Rosie Raja: Mission to Cairo
By Sufiya Ahmed (Bloomsbury Education)
Review by Lydia, Mordiford CE Primary School Hereford
I was grabbed straight away by the title of this book and wanted to read it immediately!
The book is set in 1941 and Rosie Raja has been helping her father, who is a spy. As a consequence, Rosie has been learning some spy tricks herself. Now, she has her own dangerous mission in Cairo, where she must find the traitors and make sure they can’t damage the country any more.
Rosie is a fantastic character: she is smart, brave and rather complicated! She is very good at thinking on her feet. She needs to outwit a kidnapper and work out just who is good and who is bad.
My favourite character was Fatima: she is so knowledgeable about Egyptian history but will she be clever enough to help Rosie escape from the traitors?
My least favourite characters were the traitors because they were working for the Nazis by spying on Rosie’s father, and giving away British secrets.
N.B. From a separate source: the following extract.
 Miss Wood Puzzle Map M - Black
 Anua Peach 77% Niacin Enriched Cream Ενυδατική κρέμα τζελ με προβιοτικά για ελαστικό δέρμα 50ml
There was so much to learn in this story: facts about WW2 (but not just about what happened in Europe like we learn in school) describing all about life in the exotic and history packed world of Egypt. The story also uses real historical people who lived in those times. But this is not a dull history book, it is a book of adventures with so many twists and turns, and a clever and daring female main character who any reader would want to be!
I would love to visit Egypt after reading this exciting story but in the meantime, am looking forward to reading the next adventure of the brave Rosie!
Review by Harrison, Sheen Mount Primary School, Richmond
I love this book because of all the plot twists it has and how you never know who will be the double agent. It is about a girl called Rosie Raja (who is the princess of India) and her father going on a mission to keep Egypt’s archaeological findings safe (mainly Tutankhamun’s mummy and items from his tomb) even though they probably cannot take anything because the government won't allow them. That also links to one of the friends she made but they were not always friends.
A girl called Fatima did not like Rosie Raja because she found out that they were going to take Tutankhamun’s mummy and items from his tomb away from them and she believed that they could not as they belonged to the people of Egypt. In reality, Rosie wanted thought that they wouldn't take anything because they probably weren't allowed but she also believed that they were protecting them from the Nazis. Little did Fatima know that her father knew about Rosie and her father because her father was a friend of Fatima’s father, Ajay.